At Ning, in 2006, Martin and I wrote a deployment tool called Galaxy. Since that time I know of at least three complete reimplementations, two major forks, and half a dozen more partial reimplementations. In a bizarre twist of fate, I learned yesterday from Adrian that my friend James also has a clean room implementation. Using Fabric called Process Manager. Holy shit.

Beyond reimplementations and forks from ex-Ninglets who are using a Galaxy derivitive, I frequently hear from ex-Ninglets who are not and wish they could. We clearly got something right, it seems. Fascinatingly, folks all seem to focus on different aspects of Galaxy in terms of what they love about it. They also tend to have a common set of complaints about how Ning’s version worked, and have adapted theirs to accomodate them.

To me, the heart of Galaxy is the concept of the galaxy bundle, a tarball with the application and its dependencies coupled with an RC script at a known location inside the bundle. Given such a bundle, a Galaxy implementation is then the tooling for deploying and managing those bundles across a set of servers. From personal, and second hand, experience this simple setup can keep things happy well into the thousands of servers.

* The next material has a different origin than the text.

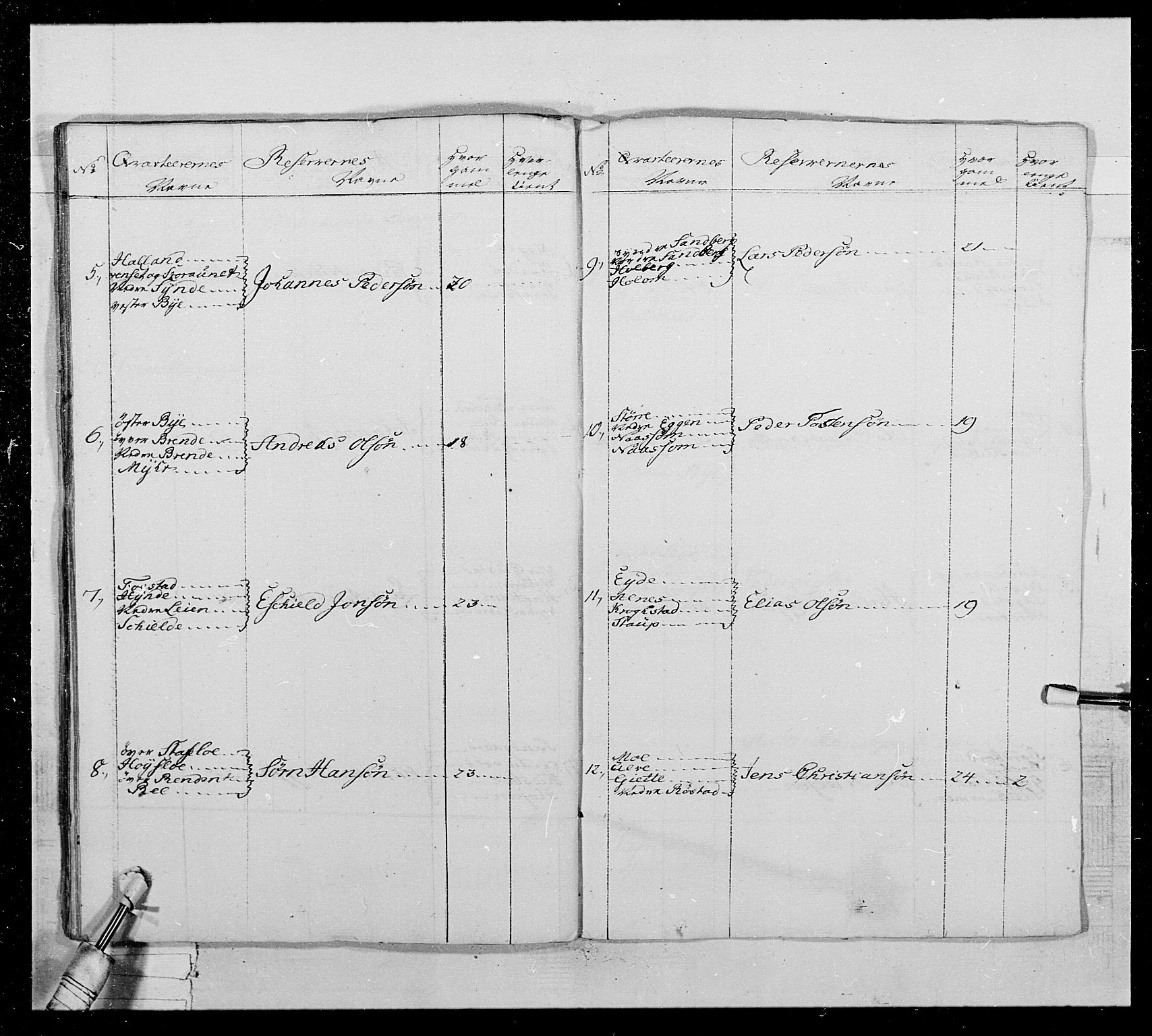 Generalitets- og kommissariatskollegiet, Det kongelige norske kommissariatskollegium, AV/RA-EA-5420/E/Eh/L0020: Nordafjelske dragonregiment, 1773-1780, p. 338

To many others, the heart of Galaxy seems to be the tooling itself, and the fairly nice way of managing applications seperately from servers. At least one major user even ignores the idea of putting the applications and their dependencies in the bundle, and uses Galaxy to install RPMs! (I personally think this approach is not so great, but the person doing it is one of the best engineers I know, so am happy to believe I may be wrong).

Different folks have also drawn the line of what the Galaxy implementation should manage in quite different places. In the orginal implementation, Galaxy included bundle and configuration repositories, along with how those repos were structured, an agent to control the application on the server, a console to keep track of it all, and a command line tool to query and take actions on the system. On the other hand, the Proofpoint/Airlift implementation weakens the contracts on configuration (in a good way), requires a Maven repository for bundles, supports an arbitrary number of applications per host, and has Galaxy handle server provisioning as well as application deployment. The Ness and, I believe, Metamarkets, implementation changes the configuration contract significantly, also supports several applications per host, and includes much more local server state in what Galaxy itself manages.

The other (generally minor) implementations and experiments have taken it in quite a few different directions, ranging from Pierre’s reimplementation using Erlang and CouchDB, to my reimplementation with no agents or console.

There seems to be an awful lot of experimentation around the concepts in Galaxy, which is awesome! Unfortunately, only the original implementation is very well documented at this point, so it is tough to use Galaxy unless you have used it before (hence my shock at James even knowing about it). I guess it’s time to start documenting and try to save other folks some work!